Task:
Copying rule for the data below: take the line containing "Portrait of a" and every line after it to the end, exactly, and drop all pictures.
[[ Supplied data, beginning ]]
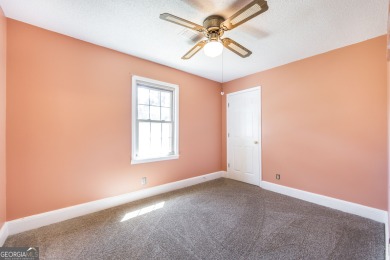 This beautifully updated home is located in a private gated on Canongate At Healy Point Country Club in Georgia - for sale on GolfHomes.com, golf home, golf lot
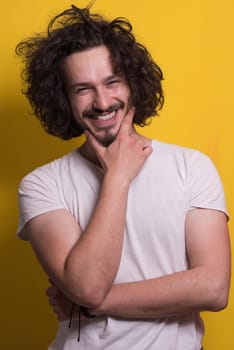 Portrait of a beautiful  young man with funny hair over color background with copyspace expressing different emotions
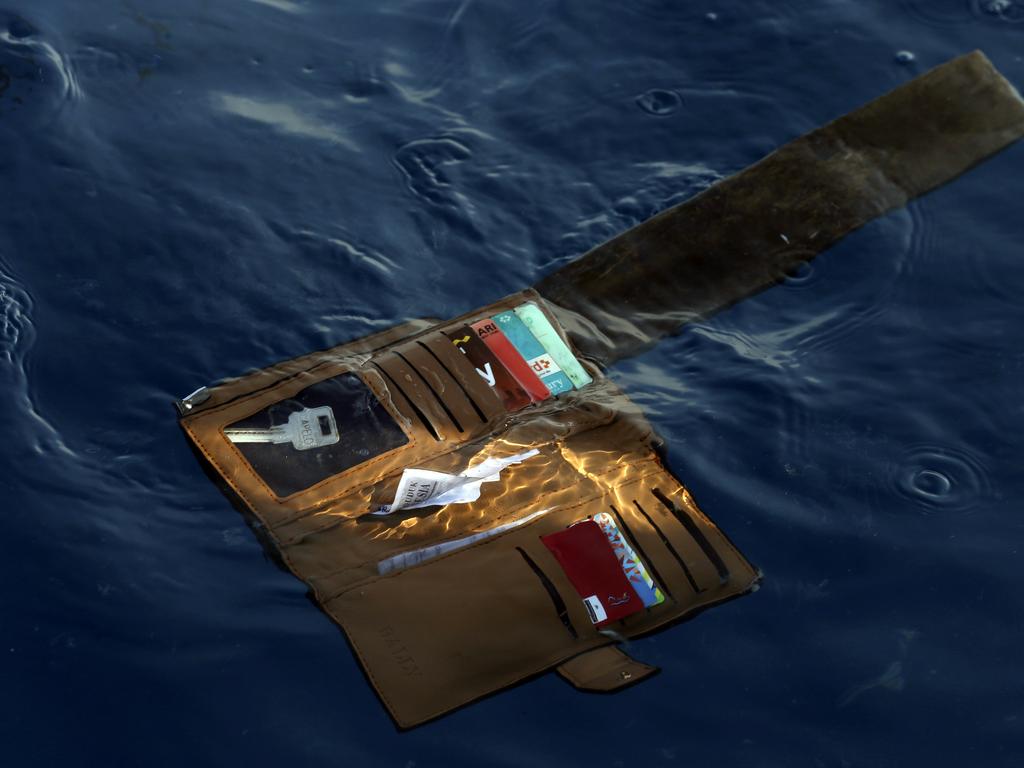 A wallet belonging to a victim of the Lion Air passenger jet that crashed floats in the waters of Ujung Karawang, West Java, Indonesia. Picture: AP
[[ Supplied data, end ]]
Reply to the task:
 Portrait of a beautiful  young man with funny hair over color background with copyspace expressing different emotions
 A wallet belonging to a victim of the Lion Air passenger jet that crashed floats in the waters of Ujung Karawang, West Java, Indonesia. Picture: AP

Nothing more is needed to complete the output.